* [ENTRIES SUPPLIED]:

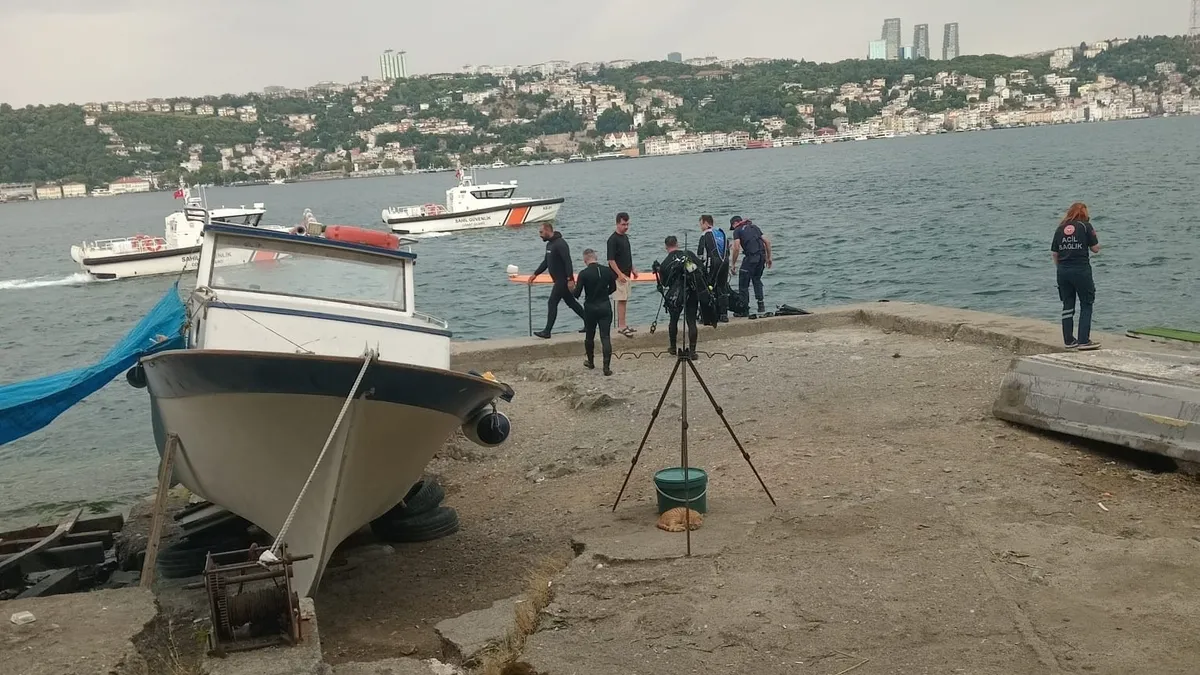 Üsküdar'da sır ölüm: Midye toplamak için girdikleri denizde ceset buldular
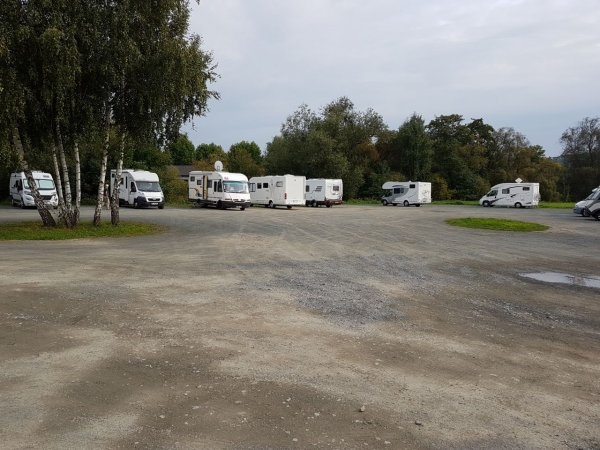 Stellplatz Falkenstrasse Wetzlar — Camperplaats in Wetzlar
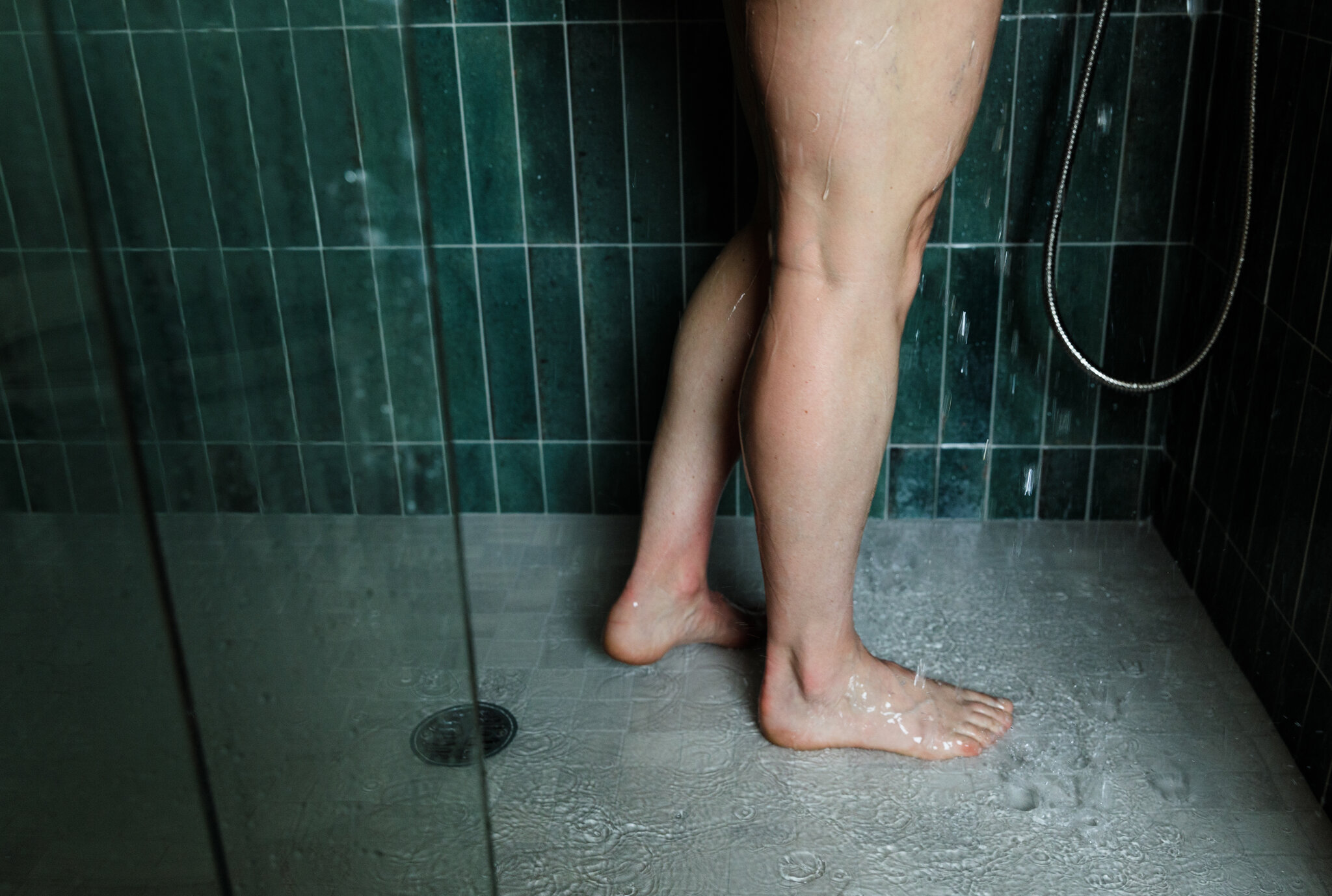 how does bathing and showering help prevent the spread of infectious disease
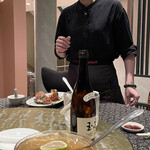 紅毛港海鮮餐廳 - 担当してくれた女性、良い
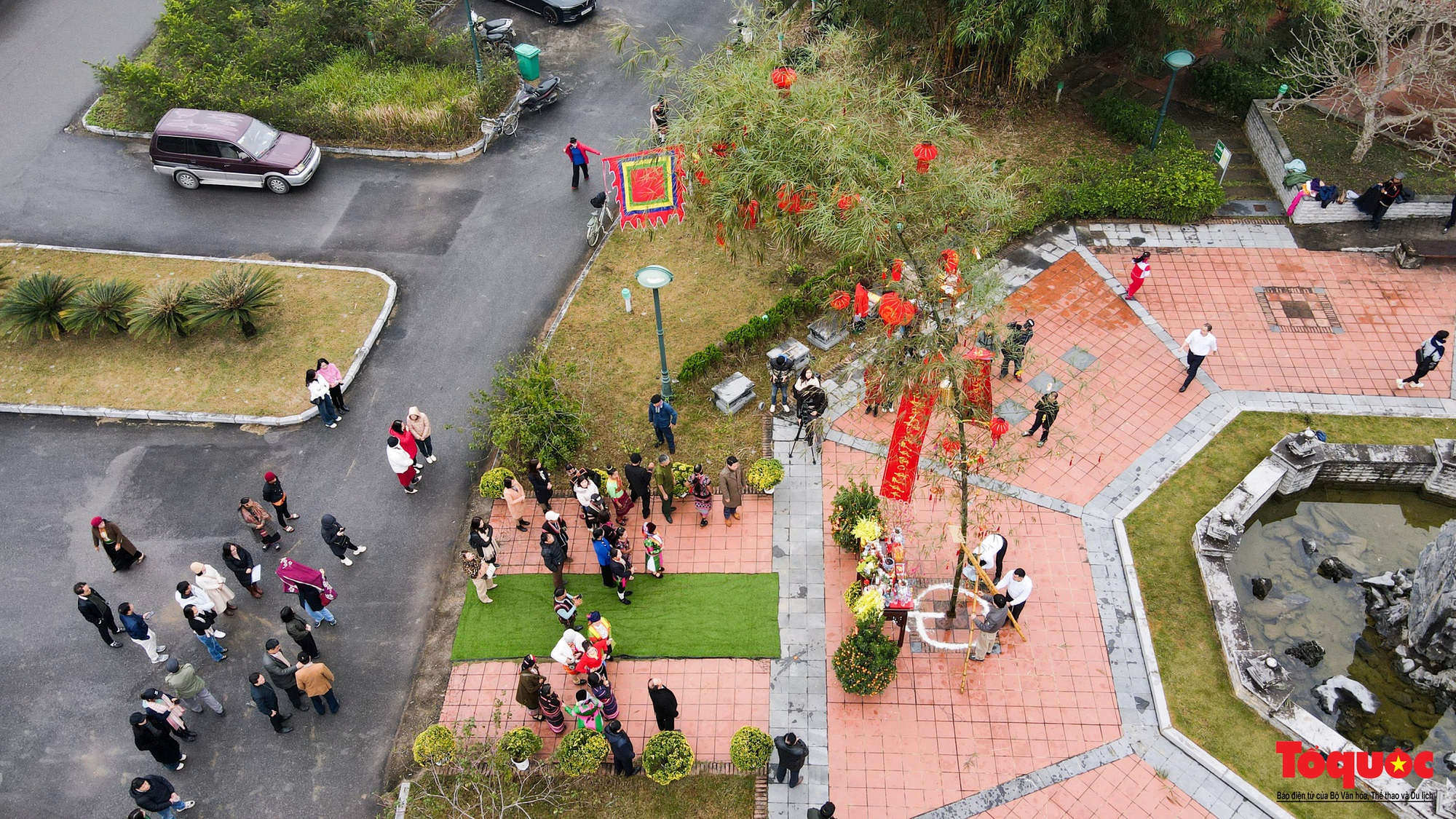Lễ dựng cây nêu đón Tết Xuân Giáp Thìn tại Làng Văn hóa-Du lịch - Ảnh 9.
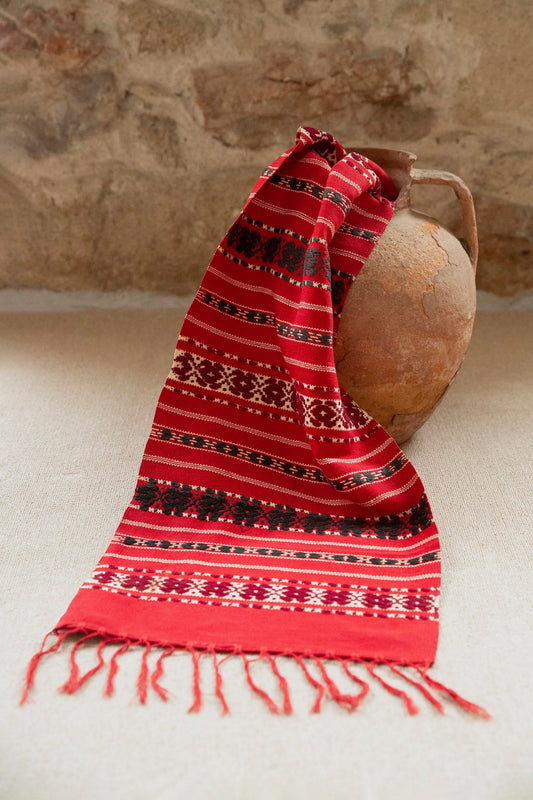 Erythraía Vintage Table Runner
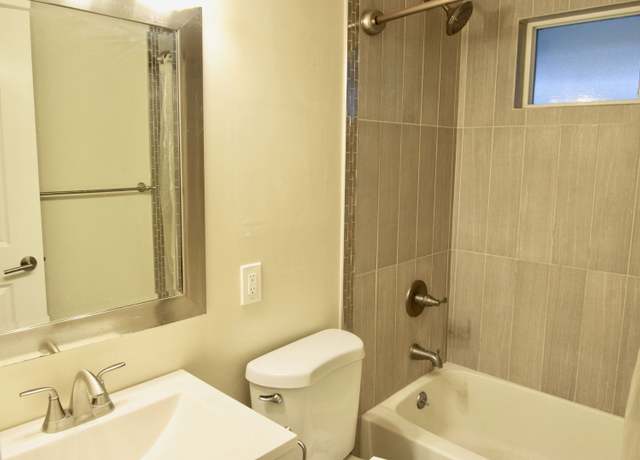 Photo of 252 Grove Acre Ave, Pacific Grove, CA 93950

* [THE PROBLEM]: After dropping the pictures, please set down the lines from the beginning of the listing through the line containing "Lễ dựng cây", both included, exactly as they stand.

* [SOLUTION FOR THIS PROBLEM]:
 Üsküdar'da sır ölüm: Midye toplamak için girdikleri denizde ceset buldular
 Stellplatz Falkenstrasse Wetzlar — Camperplaats in Wetzlar
 how does bathing and showering help prevent the spread of infectious disease
 紅毛港海鮮餐廳 - 担当してくれた女性、良い
Lễ dựng cây nêu đón Tết Xuân Giáp Thìn tại Làng Văn hóa-Du lịch - Ảnh 9.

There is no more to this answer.